Bab 6 – Penjaga Aksara

last update Last Updated: 2025-04-17 14:33:51

Langkah Danu pulang seperti bayangan tanpa jiwa.

Tangan kirinya masih erat menggenggam kalung bercahaya itu, sementara tangan kanan menggenggam tali tas selempangnya dengan gemetar yang tak henti. Tatapan matanya kosong menembus jalanan kota yang bising, tapi semua terdengar jauh... seperti gema dari dunia lain.

Kakinya melangkah cepat, panjang-panjang, seperti dikejar sesuatu yang tak terlihat.
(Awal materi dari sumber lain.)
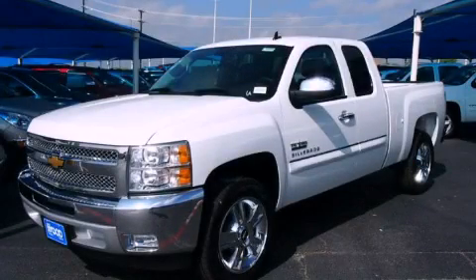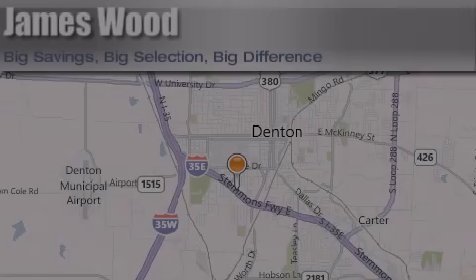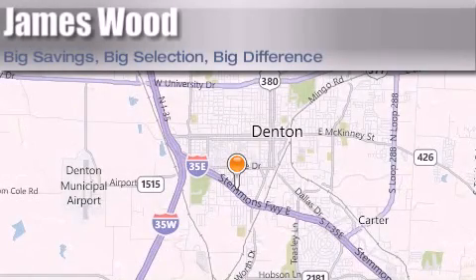Please call today to reserve this vehicle for a test drive. James Wood Auto Park is located at 3906 Interstate 35E South in Denton. Our goal is to exceed all of your expectations to ensure that you'll return for future visits.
Bukan karena trauma dibully, bukan karena ketakutan akan makian atau penghinaan.

Ini lebih dalam.

Firasat.

Tentang hidupnya sendiri yang seolah baru saja diretas oleh takdir dari langit gelap.

Sesampainya di rumah, Danu langsung masuk kamar tanpa bicara pada siapa pun. Ibunya sudah tidur. Rumah itu terasa terlalu sunyi... atau mungkin terlalu nyata. Dia hanya ingin semua ini mimpi. Dia ingin bangun sebagai Danu yang biasa.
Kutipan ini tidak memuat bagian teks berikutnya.